第六話 春、到来! 出会いと別れは嵐の如く!!(26)

「お盛んというか、騒がしいというべきか……」
 香也は、その朝、三島と顔を合わせるのと同時に、挨拶も抜きにしてそういわれた。
「……相変わらず、この家は、お約束に忠実だなあ……。
 お前さん、朝のこんな騒ぎを、もう何回繰り返した?」
 そういう三島は、にやにや笑いを浮かべていた。
「……んー……」
 香也が返答に困っていると、苦笑いをしながら、羽生が助け船を出す。
「センセ、それ、シャレにならんから……。
 いやー……。
 ラブコメってか、お約束なエロコメってか、ともかくもそういうの身内でやられると、ここまで心臓に悪いとは思わなかったわ、わたしも……」
 その口調は苦笑いを含んでいたが、羽生の表情はどこか辟易した風でもある。
 ……パジャマ姿の香也は、さらに返答とリアクションに詰まった。
「……ほら、こーちゃん。
 もうご飯、できているし、早く顔をあらっていらっしゃい……」
 台所から、顔だけをだし、真理がそう告げる。
 香也は、内心「……助かった」とか思いながら、「……んー……」と返答して、洗面所に向かった。
「……こっちも、相変わらず良くできた御母堂だ……」
 香也は洗面所に歩いていく背中で、三島のそういう声を聞いてた。

「……ど、どうも……おはようございます……」
「……んー……」
 洗面所に行くと、見覚えのない美女とばったり出くわし、香也は、当惑した。一見、当惑しているようには見えないのだが、これで香也は当惑している。
 一瞬、その女性が誰だか分からなかった……ということもあるのだが、洗面所の出入り口のところで立ちつくしていたその女性は、香也の鼻先からわずか数センチ、という至近距離で顔を見合わせても、瞬きもせず、香也の顔をじっとみている。

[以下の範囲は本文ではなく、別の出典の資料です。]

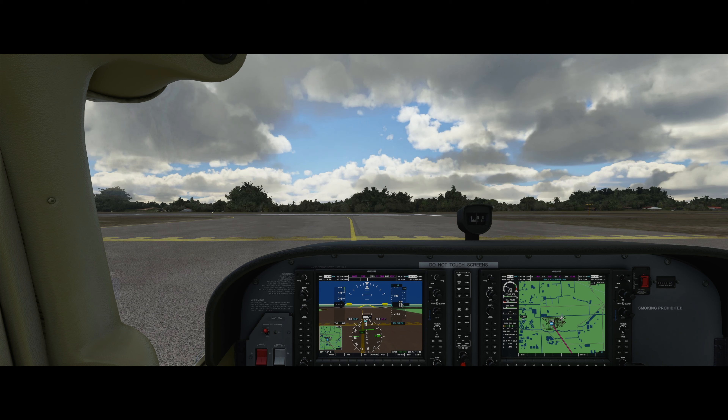Alright, we're holding short at 27 Right, ready for departure. We tune into tower and call in: Opa-locka Tower, Cessna November 651 Mike Alpha, one mile out for runway 27 Right, straight out departure. Cleared for takeoff, runway 27 Right, departing straight out. Turning on landing lights, navigation lights, and strobe lights.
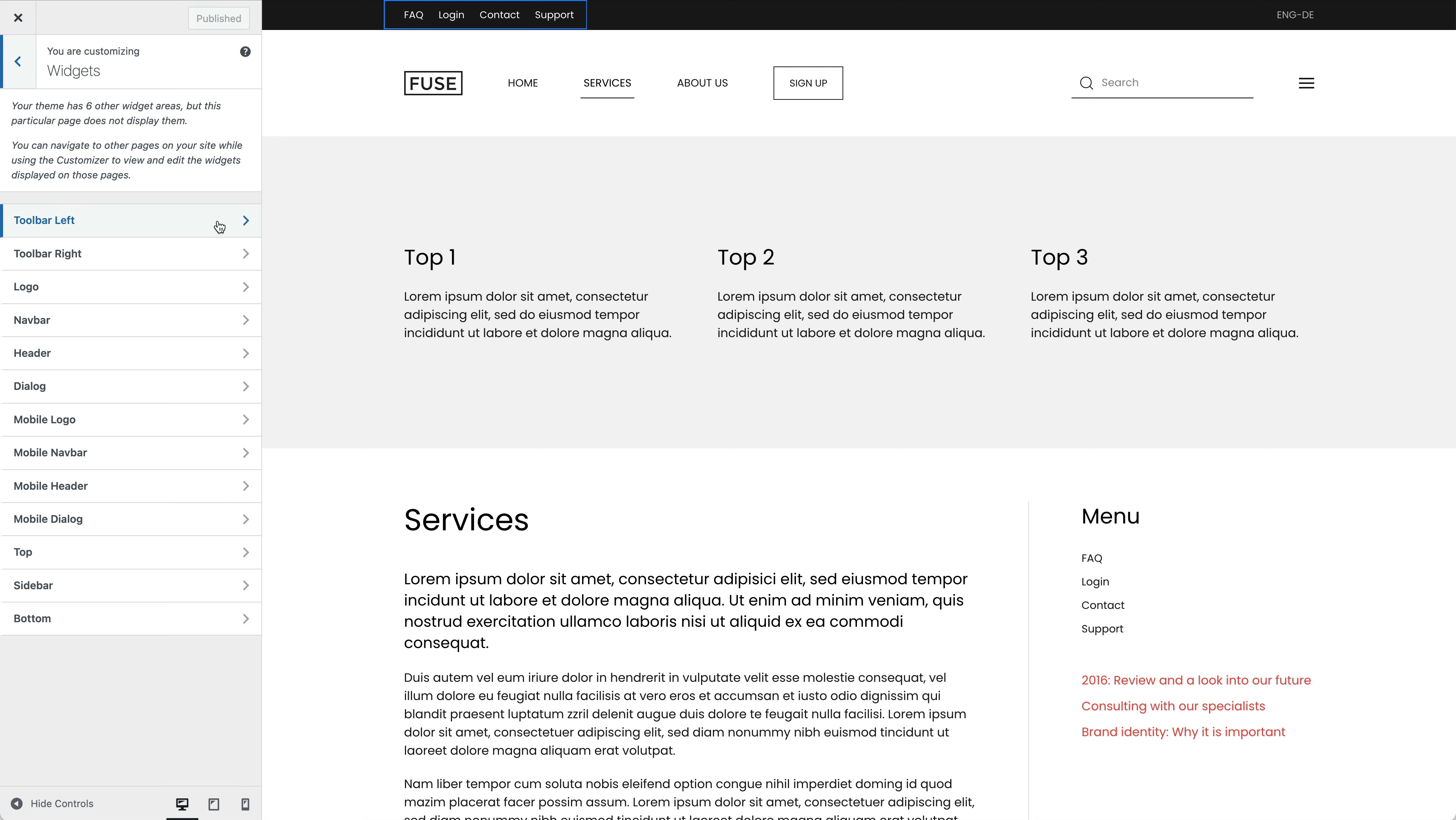I have published a menu in the toolbar left and a language switcher in the toolbar right area. There is also a logo in the logo area and a sign up button in the navbar area.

 目が、大きい。黒目がちで、肌は抜けるように白い。茅ほど長くはないが、さらさらのストレートヘアで……
「ど、どうも……」
 香也も、相手につられてどもりながら、挨拶を返し、脇にどいて道を譲った。
「い、いいのです……」
 その女性は、大きなサングラスをかけながら、香也の脇を通って居間の方に行く。
 すれ違い様に、ふと、その女性の体臭をかいでしまい、香也は少しどきりとした。
 ……あっ。
 と、香也は、思った。
 今まで、サングラスの印象ばかりが大きくて、素顔を見たことがなかったから、咄嗟には誰だか分からなかったが……その女性は、野呂静流だった。
「……こ、う、や、さ、まぁ……」
 その時、いきなり背中から、かなーり逼迫した感じの声をかけられて、香也はぎくりと背中をこわばらせ、ぎこちない様子で、顔だけを後に向ける。

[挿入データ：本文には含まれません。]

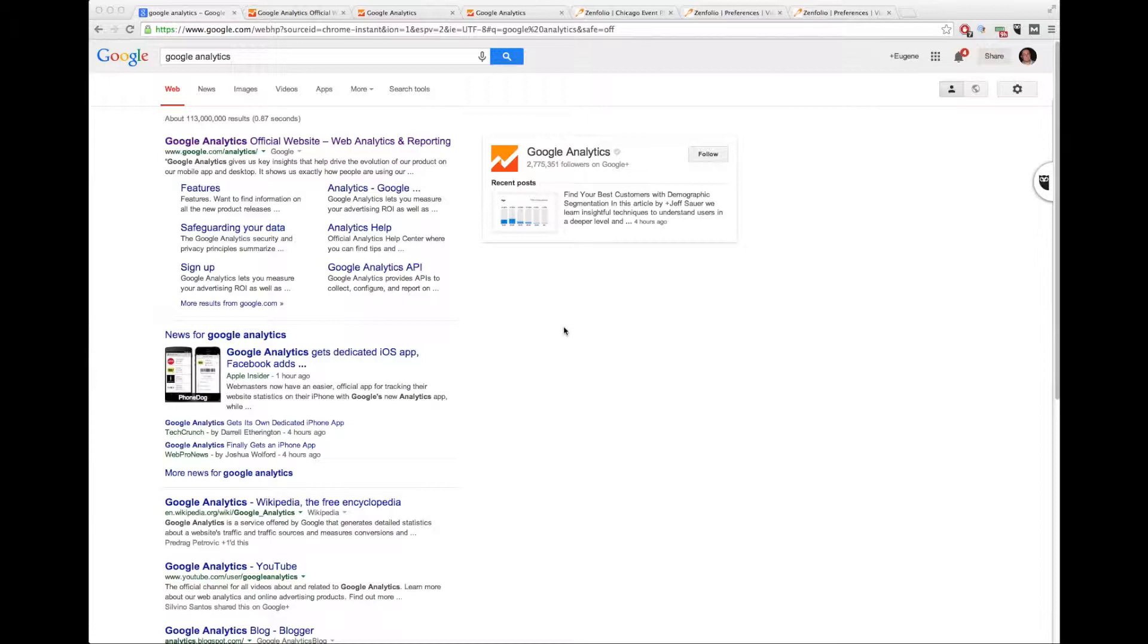Today we're going to go over how to add Google Analytics to your Zenfolio account. The purpose of adding Google Analytics is to track the users that are coming to your site, demographic information, and some insights as to what they're doing on the site, their behavior, all of that stuff.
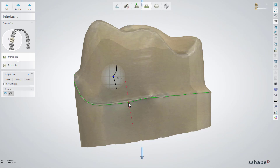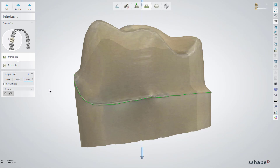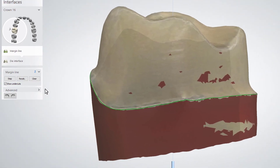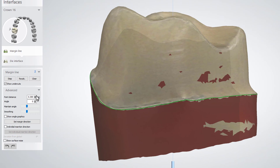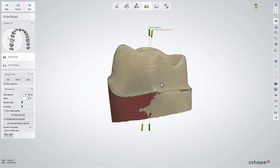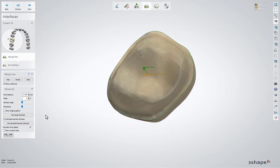To get a new estimate of the margin line, click the Recalculate button. Choose Clear to start the placement manually. Check Show Undercuts to view the undercut areas. In the Advanced Settings, you can define the distance between the points. You can also check the option Individual Insertion Direction to set the alternative direction to the individual dies, which can be helpful while designing certain bridge cases.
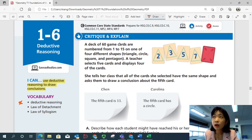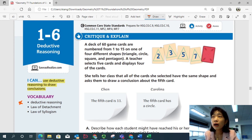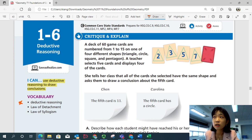Let's look at critique and explain. A deck of 60 game cards are numbered from 1 to 15 on one of four different shapes: triangle, circle, square, and pentagon. A teacher selects five cards and displays four of them — cards numbered two, three, five, and seven, all triangle shaped. She tells her class that all of the cards she selected have the same shape and asks them to draw a conclusion about the fifth card. Chen says the fifth card is 11, and Carolina says the fifth card has a circle. Chen is talking about the number; Carolina is talking about the shape.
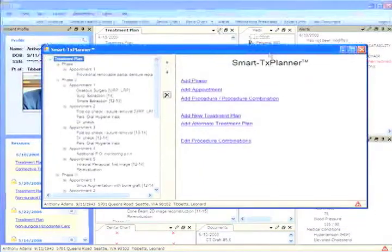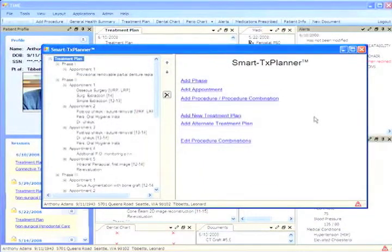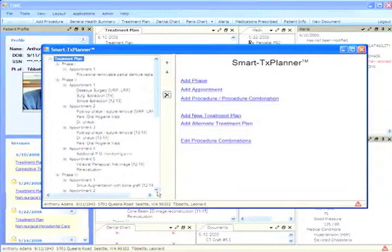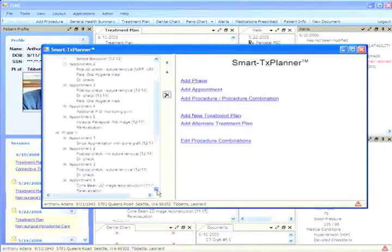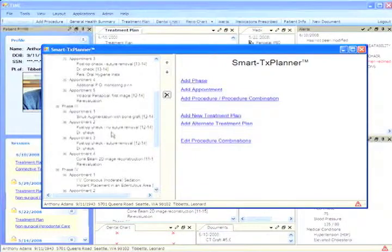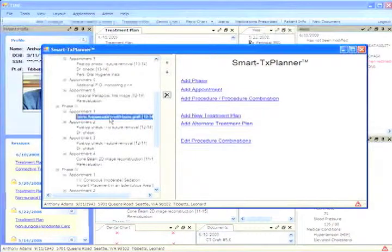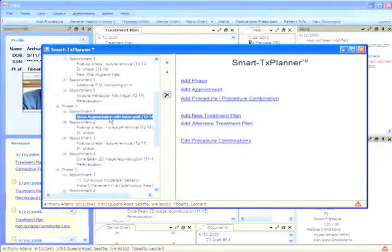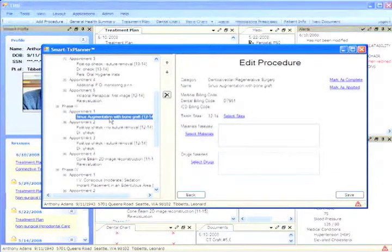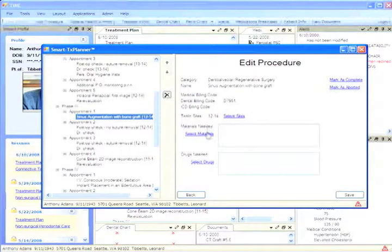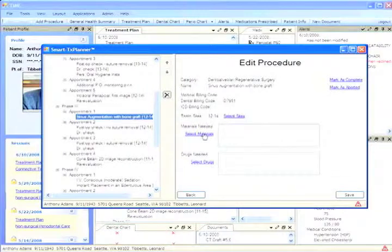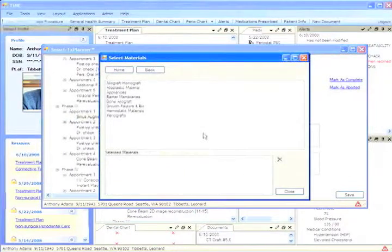Here we see the smart treatment planner. I'm going to scroll down a little ways and show you some of the things that it can do. For example, I'm going to do a sinus augmentation in this particular location. If I double click on that, I want to select some special materials to be present on my tray that day. So I'm going to go into material selection.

 タオルを手にした楓と孫子が、剣呑な表情で、香也の顔を凝視していた。
「……んー……」
 何かいわなくては……と思った香也は、とりあえず、唸ってみせた。
「そ、そういうのじゃ、ないから……」
「な、に、が……そういうのじゃないんですか?」
 楓が、ずい、と一歩踏み出す。
 反射的に後に下がろうとした香也の腕を、孫子が掴んだ。
「やっぱり、香也様……年上の方が……」
 香也の耳元に息を吹きかけるようにして、孫子がそんなことを囁きながら、洗面所の中に香也を引きずっていく。
「……な、なにいうですかこの女はっ!」
 楓も、香也のもう一方の腕をぎゅっと掴んで、抱きしめた。
「一歳や二歳の違いでは、年上も年下もあまり関係ないのですっ!
 それに、成熟度では……」
「今まで、あまり気にかけてなかったけど……」
 わいのわいのいいながら、もつれ合うようにして洗面所に消えていった三人を目撃し、シルヴィは、一人、呟いた。
「ここの子たちも、なかなか……」

「……そーだろ、そーだろ……」
 全員の分の味噌汁を用意しながら、三島が鷹揚に頷く。
「今時だな、こんなにベタな家庭内ハーレムやっているご家庭なんざ、めったにあるもんじゃないぞ! ん?」
「……だから、そこで……なんでセンセが、偉そうに胸を張るんです?」
 羽生が、つっこみを入れた。
「いや、真に偉大なのは、この状態でも動じるところがない真理さんの度量なんだけどな……」
 三島は、味噌汁の茶碗を配りながら、そんなことをいう。
「で、でも……先生のお料理……お、おいしいのです……」
 静流が、そんな合いの手を入れた。
「真理さんも、長旅から帰ったばかりだし……普段、問題児どもが迷惑かけている分、この程度のことはしないとな……」
 三島は、そんな風に軽く答える。
 それから、おたまを香也、楓、孫子の方に振り、
「いいか……問題児ども。
 いくら真理さんが寛大だからといっても、節度はきちっと守れよ。らぶったりこめったりするのは勝手だが、若さ故のあやまちっとかいって、取り返しのつかなくなることだけは、するんじゃないぞ……」
 と、いつになく真剣な声でいった。
「わ、わたくしたちが……問題児、なのですの?」
 孫子が、三島に対して異議の声をあげる。
「おう、問題児だ。本人に責任がなくても、問題児だ」
 三島は、断言した。
「基本的な、現在のこの国は、比較的保守的で……多少毛色が変わっているってだけの人間でも、平気で排除するような性質を、構造的に抱えているんだ。
 お前らは……荒野にしろ茅にしろ、今、眼の前に雁首並べている三人にせよ、今のところ、どうにかうまく行けているが、ちょっとでもバランス崩して踏み外したら、あっという間にスポイルされる。
 今で見てきたんで断言できるが……お前ら、能ある鷹は爪を隠す、なんて器用な真似、できこないだろ? 性分的に?